• _PROMPT_:
Transcribe only part of the material below: the lines from the one containing "The Grand Master" through the one containing "Regali di Natale", inclusive, exactly as written.
>>>
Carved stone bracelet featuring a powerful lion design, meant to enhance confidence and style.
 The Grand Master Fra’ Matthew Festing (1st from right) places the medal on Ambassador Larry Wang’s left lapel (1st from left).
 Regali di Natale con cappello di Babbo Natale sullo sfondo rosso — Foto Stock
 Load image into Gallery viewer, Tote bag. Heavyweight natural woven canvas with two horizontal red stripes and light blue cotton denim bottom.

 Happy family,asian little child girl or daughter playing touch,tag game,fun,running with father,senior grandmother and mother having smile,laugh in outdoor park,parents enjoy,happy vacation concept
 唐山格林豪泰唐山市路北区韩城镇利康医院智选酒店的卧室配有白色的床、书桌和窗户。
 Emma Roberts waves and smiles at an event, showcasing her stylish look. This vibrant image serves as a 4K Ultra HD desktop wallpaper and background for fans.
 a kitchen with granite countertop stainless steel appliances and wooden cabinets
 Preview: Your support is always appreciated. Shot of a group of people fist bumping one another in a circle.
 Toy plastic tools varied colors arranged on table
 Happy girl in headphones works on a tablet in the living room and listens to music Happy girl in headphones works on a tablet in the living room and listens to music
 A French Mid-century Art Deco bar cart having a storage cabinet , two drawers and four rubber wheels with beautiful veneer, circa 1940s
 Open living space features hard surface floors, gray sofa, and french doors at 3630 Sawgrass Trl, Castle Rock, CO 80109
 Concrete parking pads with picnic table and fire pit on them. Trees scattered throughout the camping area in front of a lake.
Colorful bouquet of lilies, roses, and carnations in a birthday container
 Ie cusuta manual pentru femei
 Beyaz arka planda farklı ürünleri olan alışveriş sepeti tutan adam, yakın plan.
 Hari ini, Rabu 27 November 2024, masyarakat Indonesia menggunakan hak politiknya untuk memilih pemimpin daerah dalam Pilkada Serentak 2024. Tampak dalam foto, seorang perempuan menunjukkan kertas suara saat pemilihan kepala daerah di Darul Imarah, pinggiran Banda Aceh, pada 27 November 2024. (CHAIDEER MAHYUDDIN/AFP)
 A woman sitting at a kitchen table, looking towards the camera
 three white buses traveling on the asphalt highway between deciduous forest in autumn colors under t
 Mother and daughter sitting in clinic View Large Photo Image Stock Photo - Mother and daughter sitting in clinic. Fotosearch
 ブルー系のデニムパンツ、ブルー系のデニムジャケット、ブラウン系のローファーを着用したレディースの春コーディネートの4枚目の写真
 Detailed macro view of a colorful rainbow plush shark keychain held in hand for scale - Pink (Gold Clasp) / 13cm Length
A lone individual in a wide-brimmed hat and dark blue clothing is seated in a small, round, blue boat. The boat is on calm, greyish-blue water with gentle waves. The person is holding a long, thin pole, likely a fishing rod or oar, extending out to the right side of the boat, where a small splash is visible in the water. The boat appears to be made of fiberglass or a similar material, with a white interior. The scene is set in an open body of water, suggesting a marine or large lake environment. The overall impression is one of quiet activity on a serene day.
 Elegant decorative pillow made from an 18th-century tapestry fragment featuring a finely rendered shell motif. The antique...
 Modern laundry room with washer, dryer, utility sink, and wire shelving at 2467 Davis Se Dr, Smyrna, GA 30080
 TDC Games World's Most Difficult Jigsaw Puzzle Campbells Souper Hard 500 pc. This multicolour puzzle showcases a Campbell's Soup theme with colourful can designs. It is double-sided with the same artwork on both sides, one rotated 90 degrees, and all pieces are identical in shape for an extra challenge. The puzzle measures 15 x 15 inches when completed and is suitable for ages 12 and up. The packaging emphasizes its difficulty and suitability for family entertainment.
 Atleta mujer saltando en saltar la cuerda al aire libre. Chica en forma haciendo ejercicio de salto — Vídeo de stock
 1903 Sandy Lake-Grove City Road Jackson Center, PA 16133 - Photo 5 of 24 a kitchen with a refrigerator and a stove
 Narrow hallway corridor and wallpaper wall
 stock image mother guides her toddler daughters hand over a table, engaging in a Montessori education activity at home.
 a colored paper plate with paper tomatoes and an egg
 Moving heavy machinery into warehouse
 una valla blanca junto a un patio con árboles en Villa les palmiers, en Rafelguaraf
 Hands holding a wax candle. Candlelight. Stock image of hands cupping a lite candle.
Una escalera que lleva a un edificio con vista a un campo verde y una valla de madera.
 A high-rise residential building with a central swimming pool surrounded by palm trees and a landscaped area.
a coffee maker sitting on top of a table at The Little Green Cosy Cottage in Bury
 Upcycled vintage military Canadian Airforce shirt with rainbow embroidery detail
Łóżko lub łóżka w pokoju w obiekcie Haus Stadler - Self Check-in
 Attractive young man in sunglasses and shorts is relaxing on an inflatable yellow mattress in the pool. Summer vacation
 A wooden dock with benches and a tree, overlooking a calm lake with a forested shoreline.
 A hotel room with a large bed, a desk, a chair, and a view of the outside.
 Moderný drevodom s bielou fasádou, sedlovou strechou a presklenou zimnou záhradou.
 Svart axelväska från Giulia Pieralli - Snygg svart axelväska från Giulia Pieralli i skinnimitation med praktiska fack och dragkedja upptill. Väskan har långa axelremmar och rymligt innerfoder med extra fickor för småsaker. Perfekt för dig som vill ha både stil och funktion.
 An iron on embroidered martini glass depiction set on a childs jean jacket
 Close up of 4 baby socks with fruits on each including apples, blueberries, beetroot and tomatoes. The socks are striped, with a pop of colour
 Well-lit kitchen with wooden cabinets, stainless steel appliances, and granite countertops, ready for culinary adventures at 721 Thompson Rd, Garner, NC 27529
<<<
• _EXERCISE OUTPUT_:
 The Grand Master Fra’ Matthew Festing (1st from right) places the medal on Ambassador Larry Wang’s left lapel (1st from left).
 Regali di Natale con cappello di Babbo Natale sullo sfondo rosso — Foto Stock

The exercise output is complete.